I, Tonya (15)
Whether or not you remember the tabloid furore surrounding former US Olympic figure skater Tonya Harding and her alleged involvement in the kneecapping of sporting rival Nancy Kerrigan, the disgraced 1990s athlete deserves a better film than this grotesque, jokey, dumbed-down treatment of her sad and sordid story.
Nominated for three Oscars, it’s the kind of movie that treats its working class subjects as exotic playthings for its A-list cast, allowing the likes of Margot Robbie, who plays Tonya, and Bafta-winner Allison Janney, cast as her monstrous mother Lavona, to demonstrate their range by revelling in the the vulgar details of Harding’s white trash roots. All rabbit-skin fur coats and nae knickers, it’s a condescending, exploitative piece of awards bait that desperately tries to disguise its lack of insight through mocking self-awareness.

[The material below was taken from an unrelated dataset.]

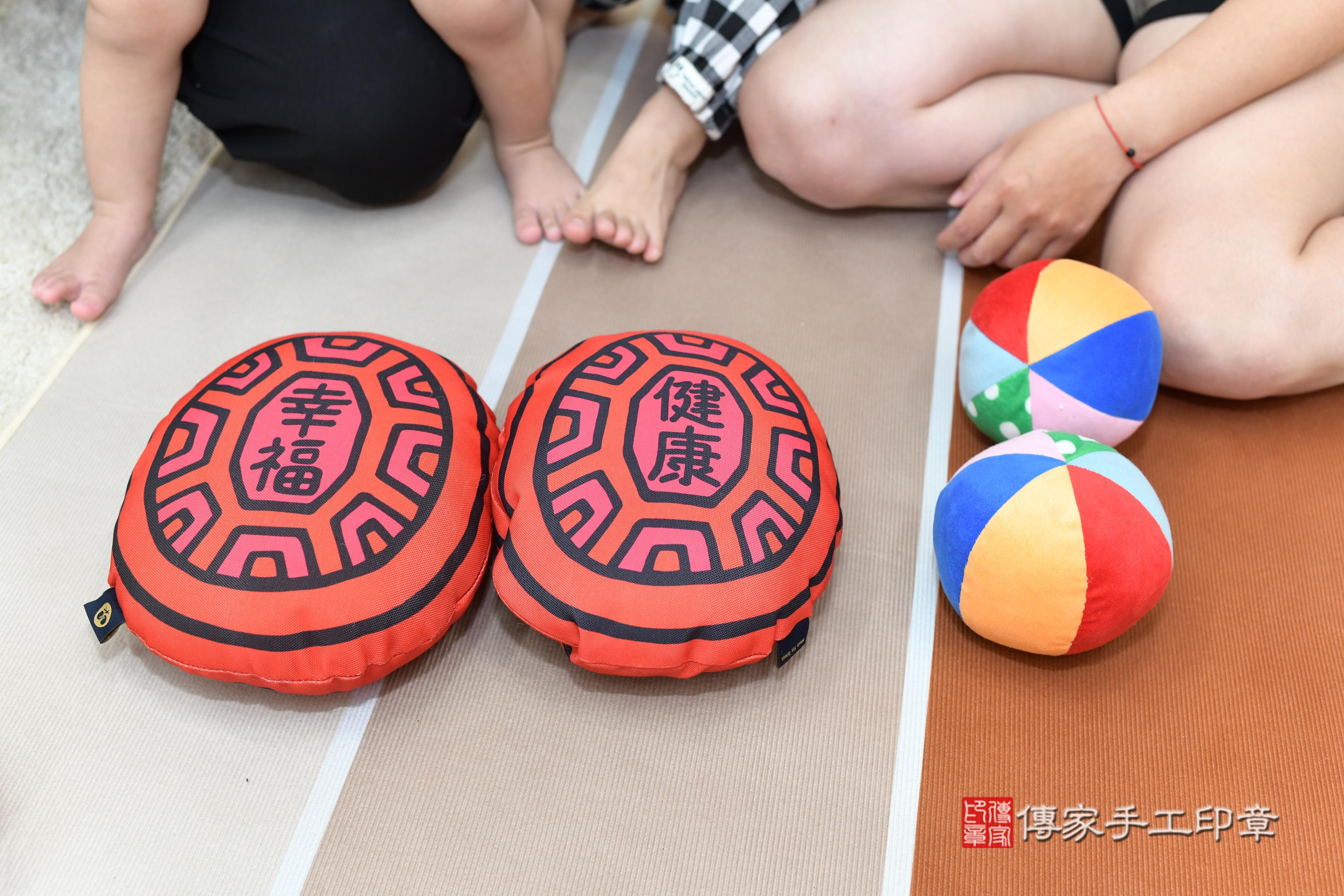 傳家手工印章高雄店、抓周、度脺、中國風會場、傳家嬰兒古禮、吉祥話、抓周道具物品24種、拍照。抓周證書。寶寶抓周、滿周歲、生日快樂、祝福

The flippant tone is established with well-worn mock-doc tropes and fourth-wall-breaking commentary from the likes of Robbie’s Tonya and Sebastian Stan, cast here as her abusive ex husband Jeff Gillooly, who went to prison for orchestrating the attack on Kerrigan. Alas, all this really does is make Harding a pop-culture punchline once again – which is just odd given it essentially a story about a woman locked in a cycle of abusive relationships.
The film doesn’t deny that Harding was sometimes her own worst enemy, but it’s not very good at countering this narrative by also capturing how good she was on the ice. And whatever empathy Robbie has for Tonya is frequently undercut by journeyman director Craig Gillespie and PS I Love You screenwriter Steven Rogers, who really don’t have the right artistic temperament for making a sympathetic film about such a vilified woman. Like everyone in the film, they’ve underestimated her with their spell-everything-out approach.